Spore zamieszanie wywołały ostatnie decyzje rady nadzorczej Inteligo, która nieoczekiwanie nie przedłużyła umowy z kończącym kadencję prezesem Konradem Korobowiczem. Nowym szefem Inteligo obsługującej 400 tys. klientów został wczoraj Jacek Komaracki.
Do tej pory odpowiadał on za bankowość elektroniczną w PKO BP, który od kilku lat jest inwestorem strategicznym Inteligo. Według odwołanego prezesa Konrada Korobowicza fakt, że jego następcą został „człowiek PKO”, może zwiastować utratę przez Inteligo niezależności: – Moją ambicją było rozwijanie Inteligo jako niezależnego biznesu. Szybkie wprowadzanie i samodzielne finansowanie nowych projektów. PKO BP jest bliższe przekształceniu Inteligo w satelicką spółkę realizującą zadania na rzecz grupy.
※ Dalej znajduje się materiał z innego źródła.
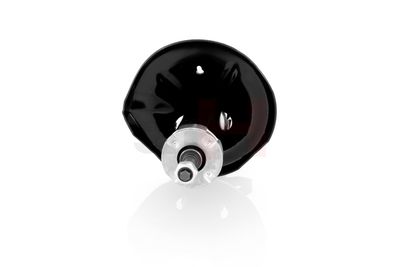 AMORTIZOR GH GH325058H 17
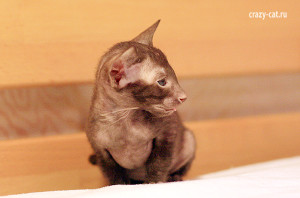 IMG_4040_600_Female2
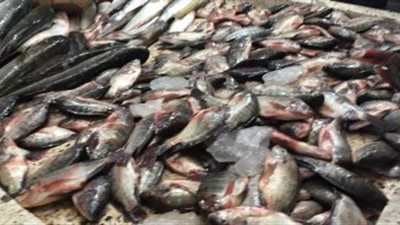 البلطي بـ10 جنيهات والجمبري بـ80.. انخفاض أسعار الأسماك اليوم بالإسماعيلية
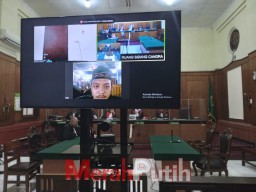 Menjual Satwa Liar, Fahrul Dituntut Satu Tahun Penjara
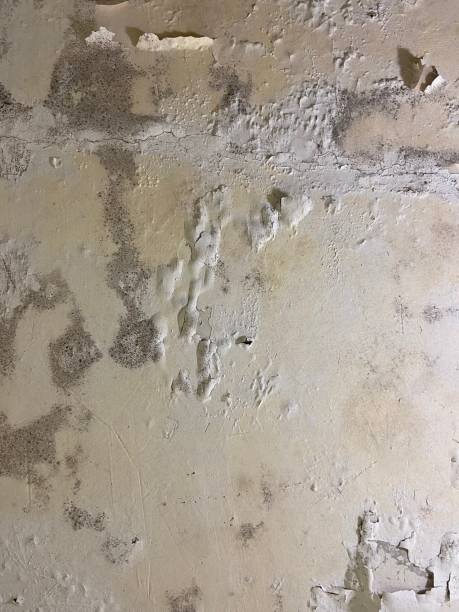 Best Mold Testing  in Lely Resort, FL
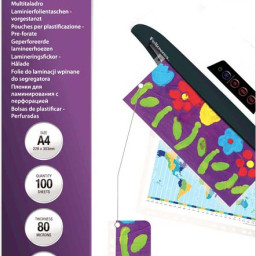 Пленка для ламинирования пакетная Fellowes, 228 х 303 мм, 80 мкм, глянцевая, 100 шт.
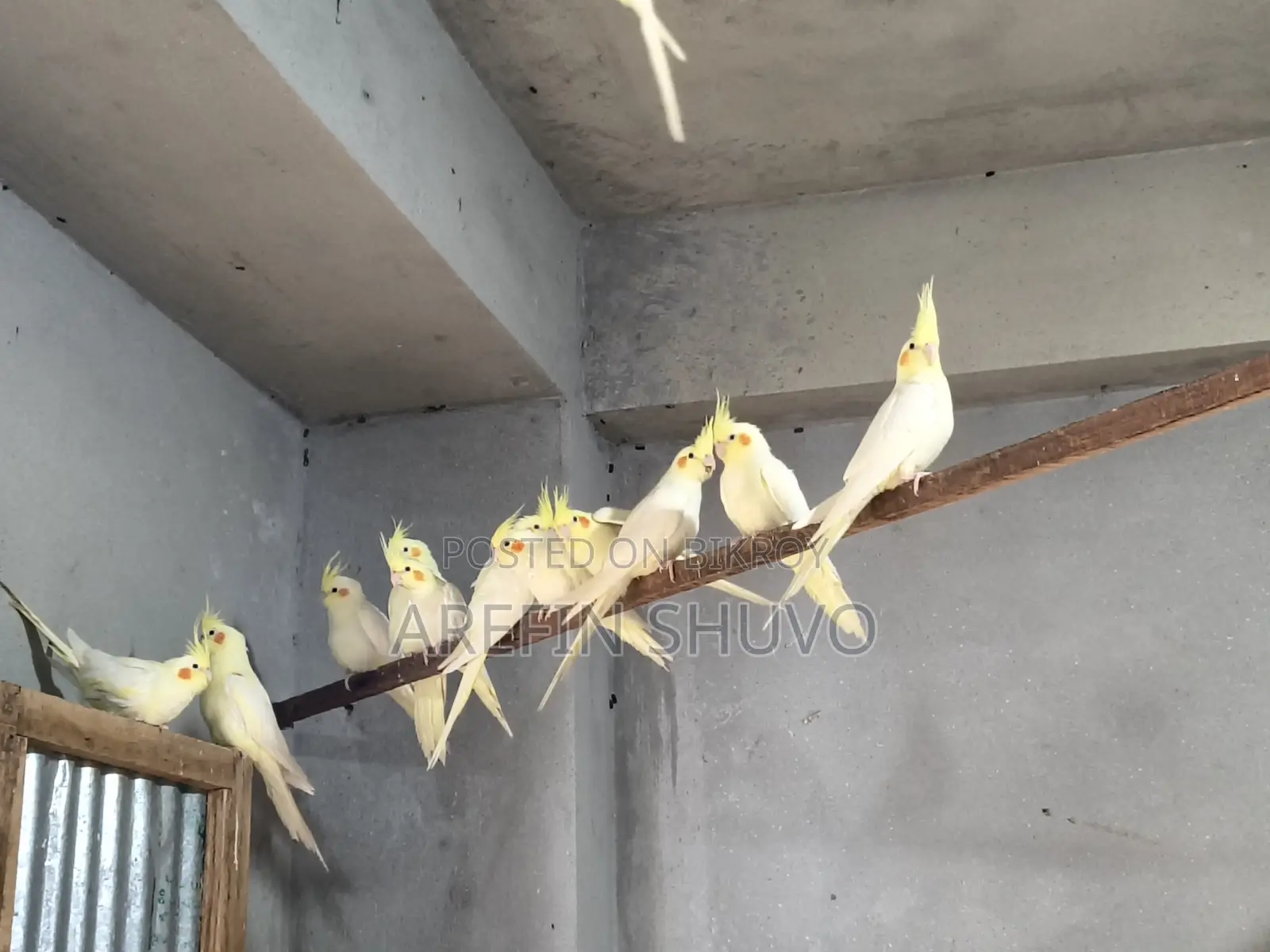 Cockatiel Bird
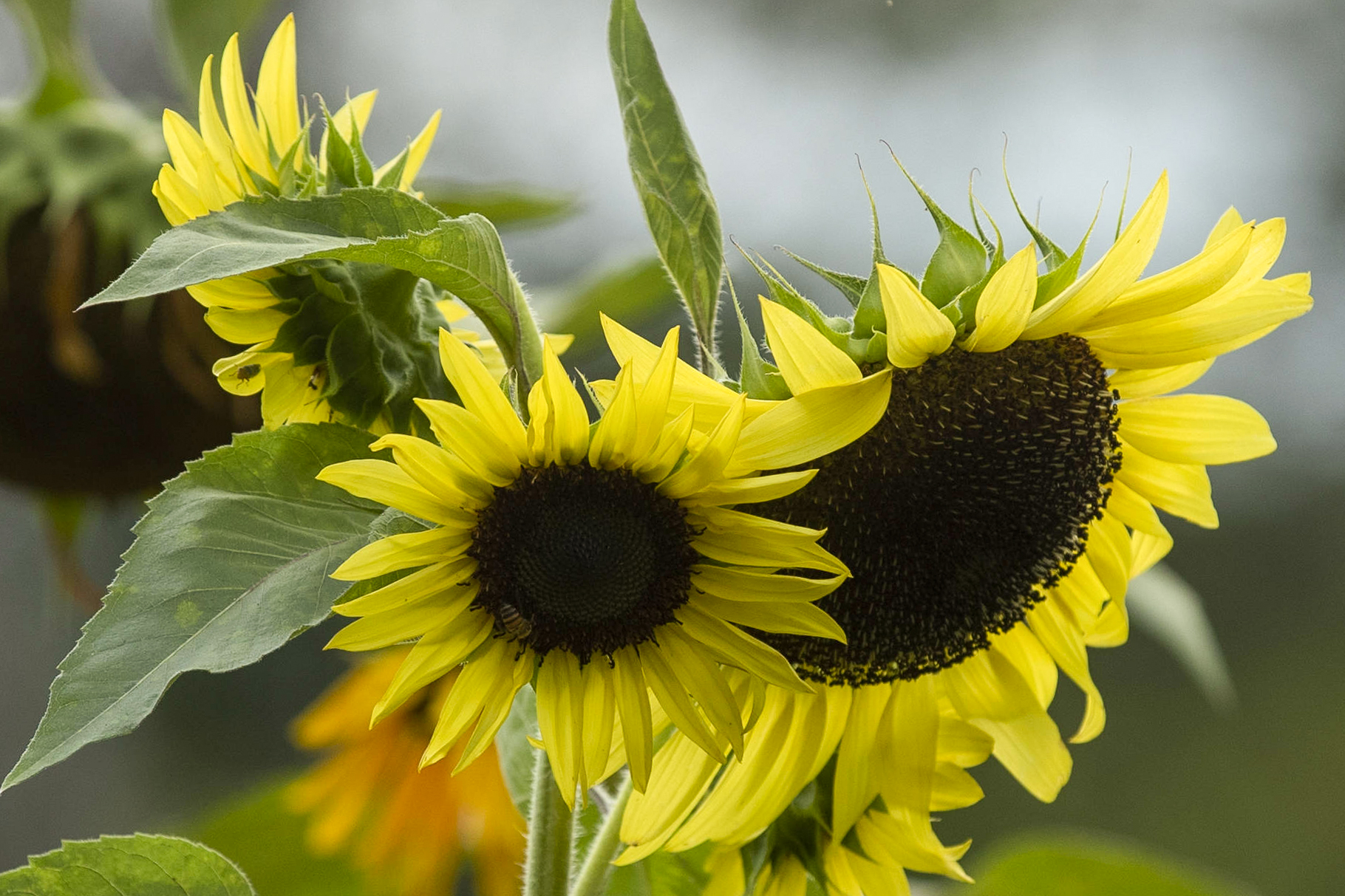 Asociación de cultivos: ¿con qué plantas es más compatible el girasol y por qué?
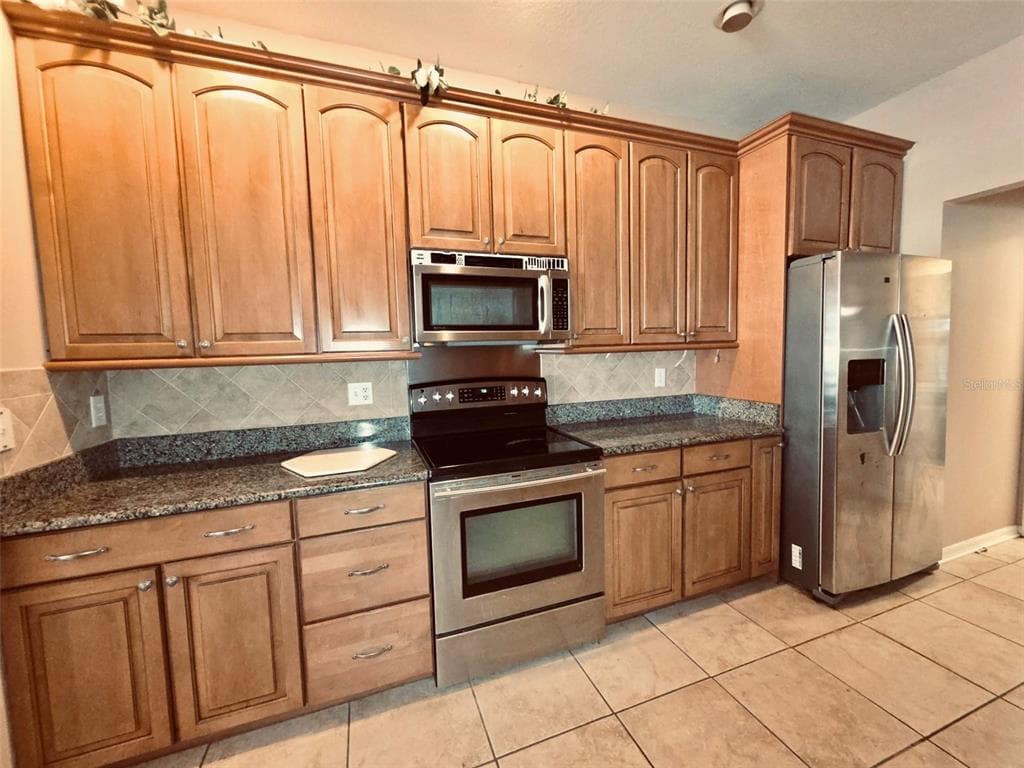 3806 TRIPLE JUMP STREET, VALRICO, FL 33596 — zdjęcie 5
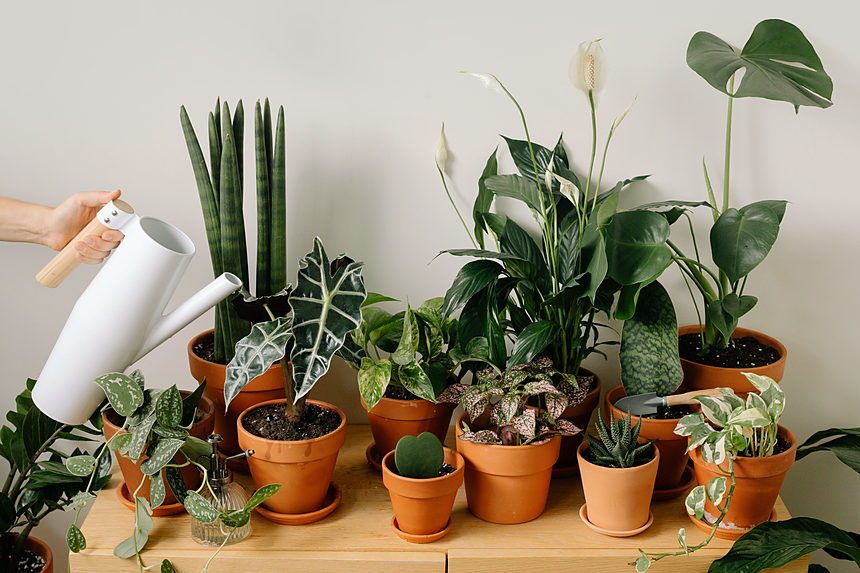 A collection of indoor plants being watered by hand, enhancing home decor
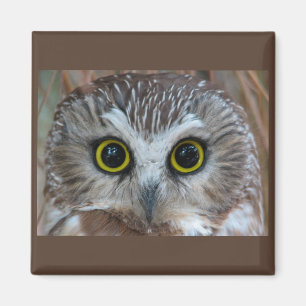 Noord-Saw-whet Owl Close-up Magneet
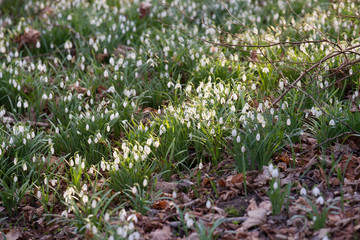 Snowdrops grow between foliage in the forest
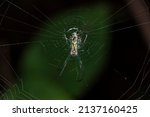 Vadnais Heights, Minnesota.  John H. Allison forest. Orchard Orbweaver spider, Leucauge venusta in its web.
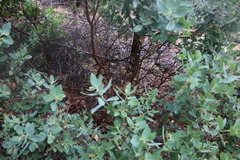 Arctostaphylos canescens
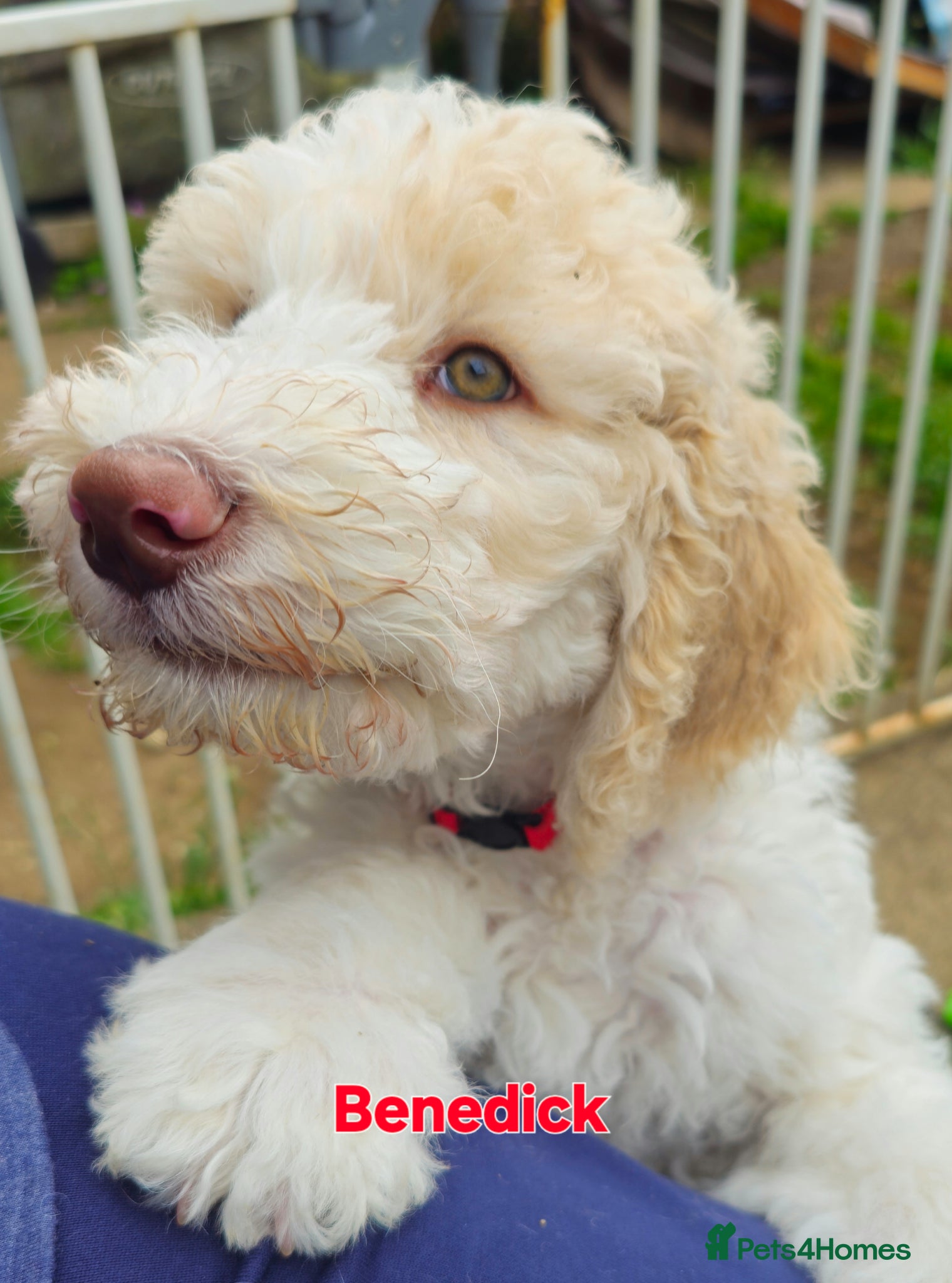 Labradoodle dogs Stunning standard multi-generational labradoodles  - Advert 1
Były prezes ostrzega, że rozwój Inteligo straci teraz na dynamice. Nowy prezes Jacek Komaracki uspokaja, że przeprowadzone przez PKO BP zmiany w zarządzie nie oznaczają „ubezwłasnowolnienia” Inteligo. Komaracki przyznał, że na sercu leży mu rozwój bankowości elektronicznej PKO BP, udostępnianie jak największej palety nowoczesnych usług wszystkim klientom banku. Ale jego zdaniem nie odbędzie się to kosztem internetowych klientów Inteligo – podaj „Gazeta”.
Zdaniem Pawła Kucharskiego, wiceszefa departamentu bankowości elektronicznej w mBanku, dalsze wchodzenie Inteligo w struktury PKO BP może zwiastować zerwanie z dotychczasową filozofią banku – bardzo niskimi kosztami i konkurencyjnymi cenami. – Będąc, w grupie trzeba „dokładać się” do jej kosztów, jest większa presja na powiększanie dochodów z prowizji – mówi Kucharski.